I have also tried to manually set OMP_STACKSIZE (e.g., 10M) in the environment variable page, but it does not solve my problem. At present, the problem is solved by setting the "stack reserve/commit size" in the page project property->Linker->System.

Another question is about KMP_SET_STACKSIZE_S and putenv or setenv. What's the difference between them since the former also sets the number of bytes that will be allocated for each parallel thread to use as its private stack, as described in the follow webpage.

http://www.ncsa.illinois.edu/UserInfo/Resources/Software/Intel/Compilers/10.0/main_for/mergedProjects/lref_for/source_files/rfropemp.htm

Thanks and regards,

Daniel

TimP · ‎05-29-2013

private scalars don't consume much stack, but private arrays not only consume signficant stack but may cut performance. Even private scalars may inhibit optimization if they don't get optimized away as they might without OpenMP.

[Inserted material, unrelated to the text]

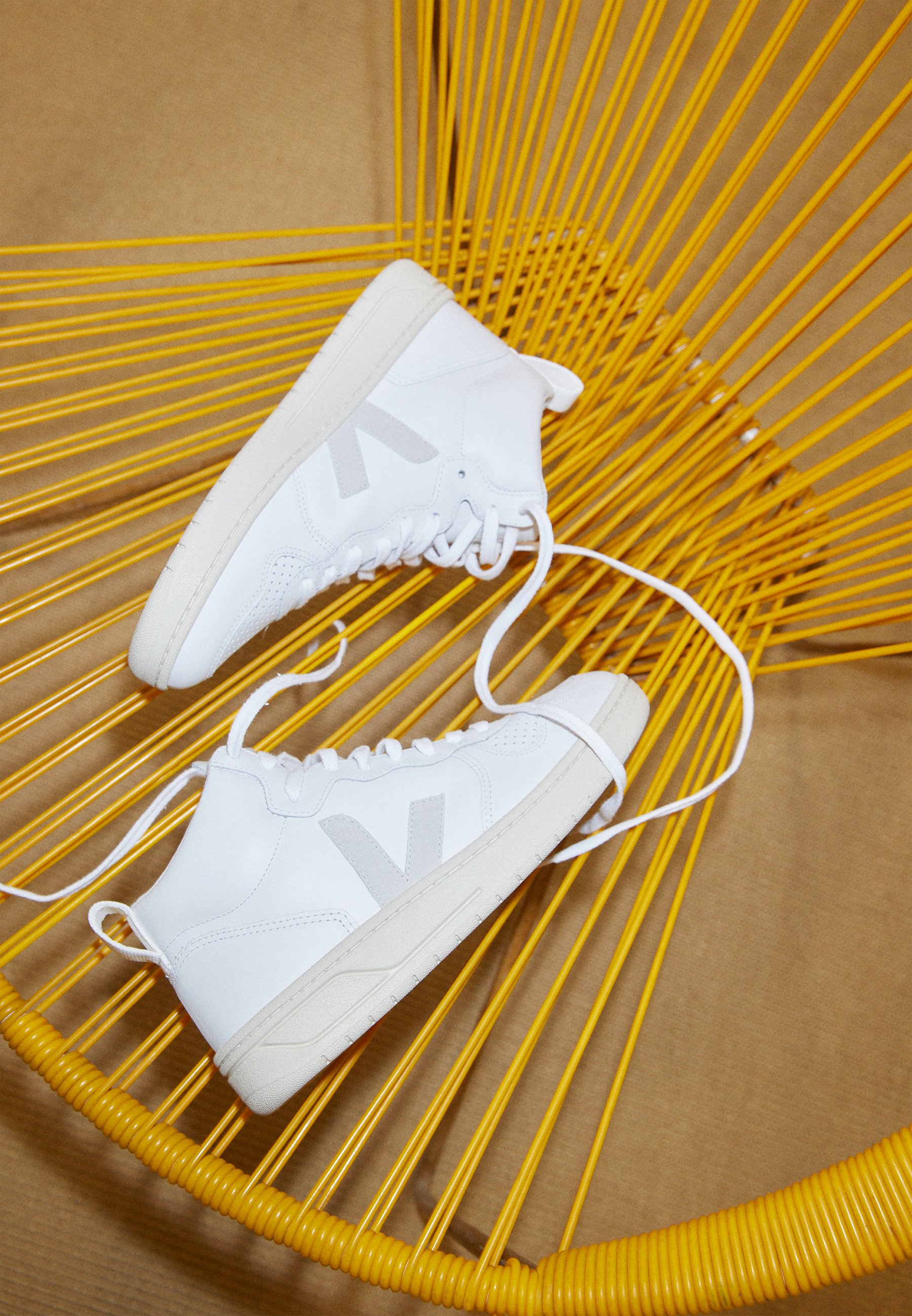 V-15 - High-top trainers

SergeyKostrov · ‎05-29-2013

>>...Another question is about KMP_SET_STACKSIZE_S and putenv or setenv. What's the difference between them... putenv CRT-function is a POSIX function ( _putenv is actually a recommended replacement by one of ISO C++ standards ) and I don't see any references for setenv in header files for several C++ compilers.

jimdempseyatthecove · ‎05-30-2013

>>I have also tried to manually set OMP_STACKSIZE (e.g., 10M) in the environment variable page, but it does not solve my problem. At present, the problem is solved by setting the "stack reserve/commit size" in the page project property->Linker->System.

This means that the main thread (PROGRAM) has insufficient stack. Using the linker setting declares the main thread's stack size (and sets the default stack size for subsiquent OpenMP threads). As stated a few times earlier, the KMP_SET_STACKSIZE_S and other OpenMP means to set stack size, only effect the stack size of subsequently created threads (used by OpenMP).

Consider enabling heap_arrays (compiler option), or making the large arrays you (currently have on stack) allocatable but do not allocate until you enter the parallel region. Use FIRSTPRIVATE to copy the un-ALLOCATED array descriptors (due to bug/oversight in earlier compilers).

REAL :: YourBigArrayToBePrivate(Bigsize)
REAL, ALLOCATABLE :: YourSubstituteArray(:)
...
!$OMP PARALLEL FIRSTPRIVATE( YourSubstituteArray)
ALLOCATE(YourSubstituteArray(LBOUND(YourBigArrayToBePrivate):UBOUND(YourBigArrayToBePrivate))
YourSubstituteArray = YourBigArrayToBePrivate
!$OMP DO...
...
DEALLOCATE(YourSubstituteArray)
!$OMP END PARALLEL

Note, should you have enabled realloc lhs the allocate/deallocate could be omitted.

Jim Dempsey